NEW YORK—White women have a higher incidence of breast cancer than African-American women, but African- American women develop the disease at a younger age, are diagnosed later, and are more likely to die of the disease, according to the National Cancer Institute.
These concerns were front and center when physicians, researchers, and survivors gathered at “Breast Cancer in Women of Color,” a public meeting organized by New York Presbyterian/Columbia University Medical Center to raise awareness, reassure women that help is available, even for the uninsured, and urge women to be proactive, even when their doctors are not.
Kathie-Ann Joseph, MD, MPH, a breast surgeon and assistant professor of surgery at Columbia University Medical Center, urged black women with a strong family history of breast cancer to get genetic testing. She cited a University of Pennsylvania study (JAMA 293:1729- 1736, 2005) showing that African-American women with a family history of breast cancer are significantly less likely to be referred for genetic counseling than white women—regardless of differences based on income, education level, or risk. Dr. Joseph told the audience, “If your doctor is not comfortable referring you to a genetic counselor, go to another doctor.”
She also pointed out that African- American women have genetic variations of unknown significance. “We will send a woman for testing because she has a strong family history, and they will say this person has a variant in their genetic makeup, but we don't know what it means because we have not tested enough African-American women. We need to test more women of color so we understand these variations,” Dr. Joseph said. The Gail Model for breast cancer risk has not been validated in women of color or in some other ethnic groups, she added.
Part of the reason there is less genetic information in African-Americans, she stressed, is that patients may have concerns about privacy and whether they will be discriminated against if a test is positive. They also may not want to share information with other family members. “That is one of the reasons we make sure you see a genetic counselor, so all these issues are addressed,” she said.

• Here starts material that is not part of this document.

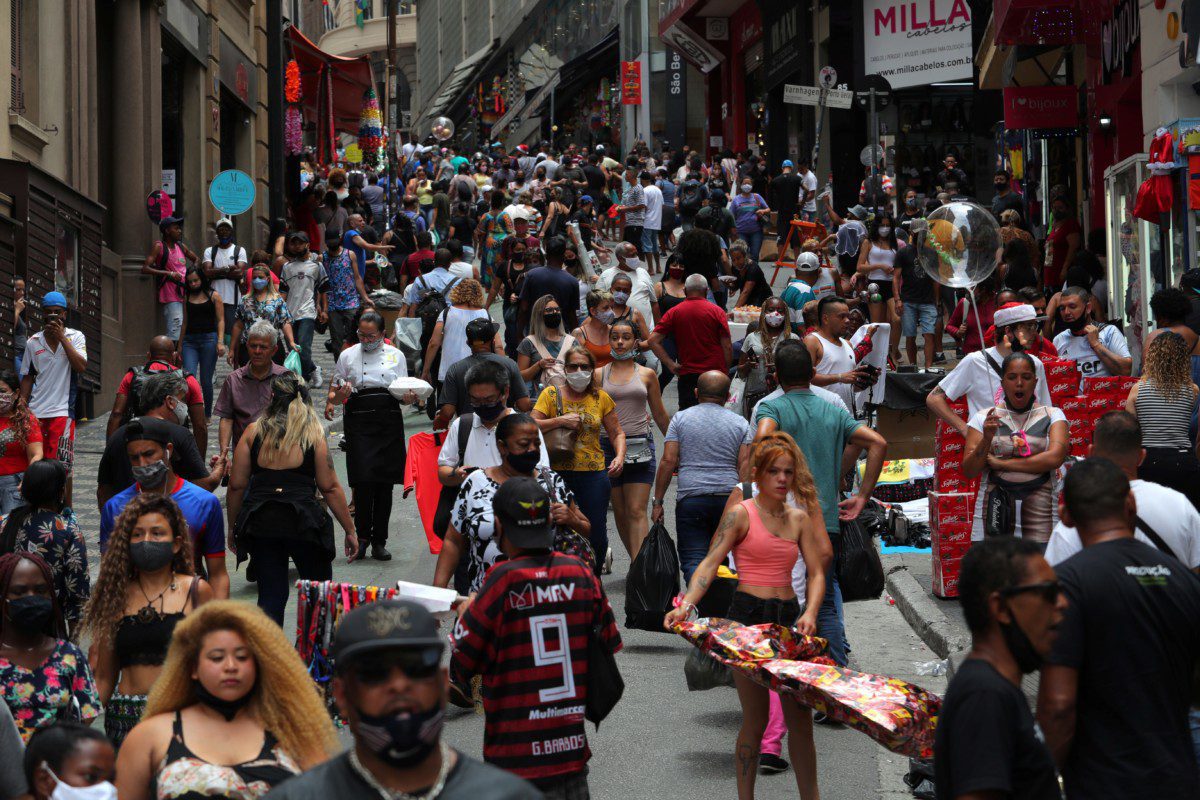 Consumidores fazem compras em rua comercial de São Paulo- imagem decorativa sobre boletim Focus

Annette Brown, MD, of the Long Island College Hospital Mammography Division and president of the American Women’s Medical Association of New York City, urged black women to return to the American Cancer Society breast screening guidelines of the 1980s, which recommended that all women receive a baseline mammogram sometime between ages 35 and 39. (Dr. Brown recommends age 35.)
“This is my bias and that of many other black physicians I know,” she said. “There are so many young black women who have breast cancer and so many with first-degree relatives who have cancer. Who is paying attention to this part of the story? The answer is, nobody. I encourage black women to follow the old guidelines.”